If you call a virtual method from Rust, it may dispatch to a script implementation. The Rust side holds either a shared (
&self) or exclusive borrow (&mut self) to the object -- an implicitGd::bind()orGd::bind_mut()guard. If the script implementation then accesses the same object (e.g. by setting a#[var]property), panics can occur due to double-borrow errors.For now, you can work around this by declaring the method with
#[func(gd_self, virtual)]. Thegd_selfrequires the first parameter to be of typeGd<Self>, which avoids the bind call and thus the borrow.
We are observing how virtual functions are used by the community and plan to mitigate the limitations where possible.

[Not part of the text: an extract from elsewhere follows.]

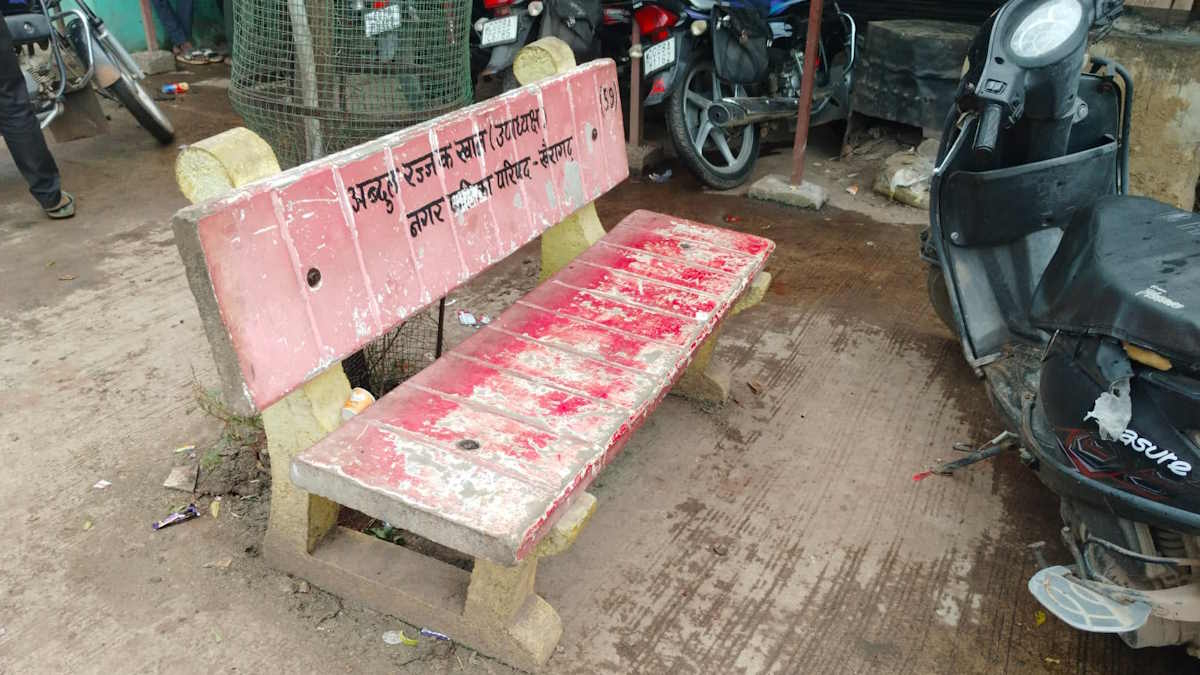 पुरानी कुर्सियों का हिसाब नहीं, फिर नई खरीदी की तैयारी, खैरागढ़ नपा की कार्यशैली पर उठे सवाल…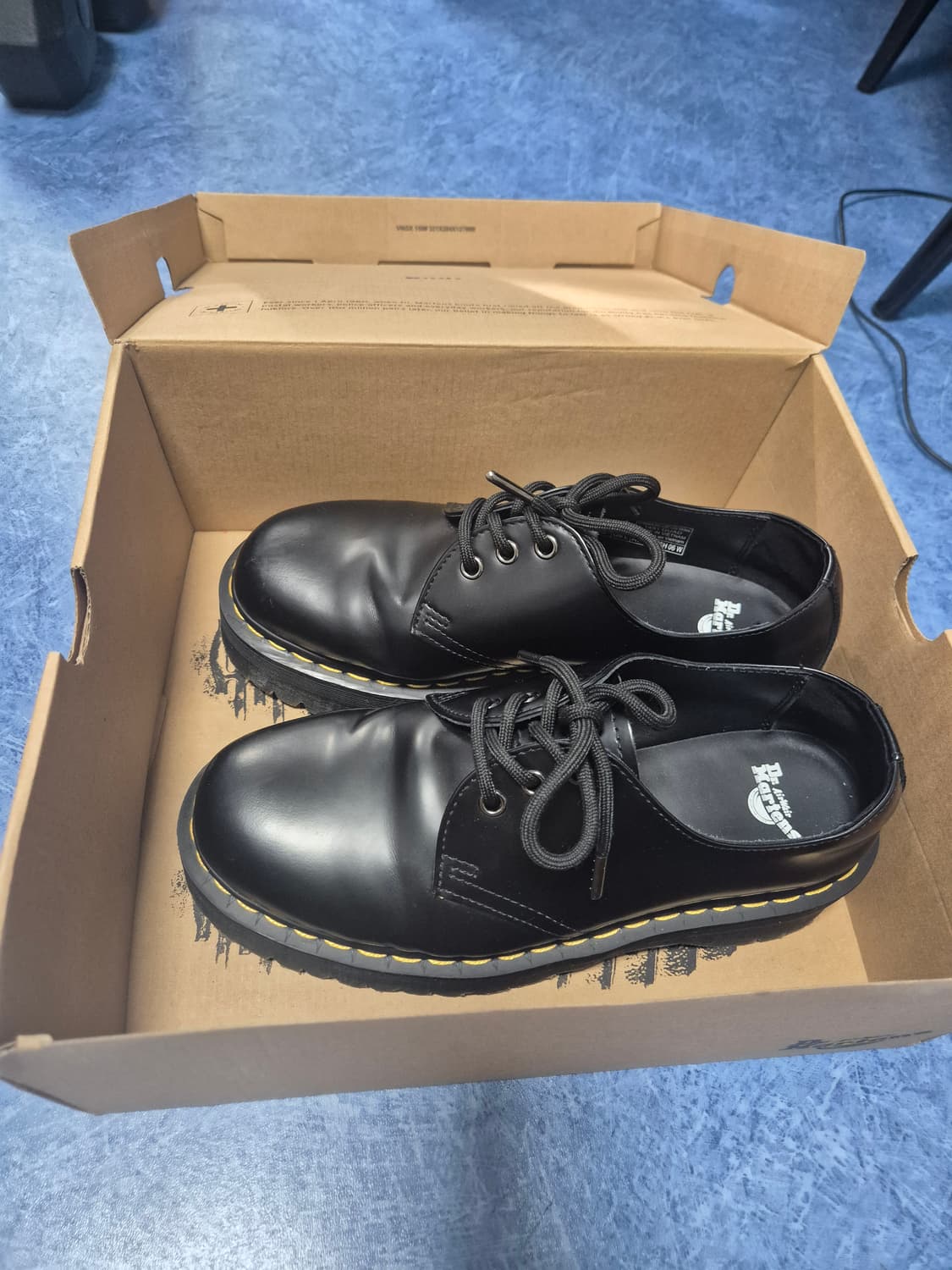 닥터마틴 1461 쿼드 블랙 260 상품이미지1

If you have any inputs, feel free to let us know!
Types of scripts
While this page focuses on GDScript, Godot also provides other scripting capabilities. Notably, C# can be used for scripting, if you run Godot with the Mono runtime.
The library also provides a dedicated trait ScriptInstance, which allows users to provide Rust-based "scripts".
Consult its docs for detailed information.
You can also configure scripts entirely programmatically, using the classes::Script API and its inherited classes, such
as classes::GDScript. This typically defeats the purpose of scripting, but is mentioned here for completeness.
Conclusion
In this chapter, we have seen how to define virtual functions in Rust, and how to override them in GDScript. This provides an additional integration layer between the two languages and allows to effortlessly experiment with swappable behaviors from the editor.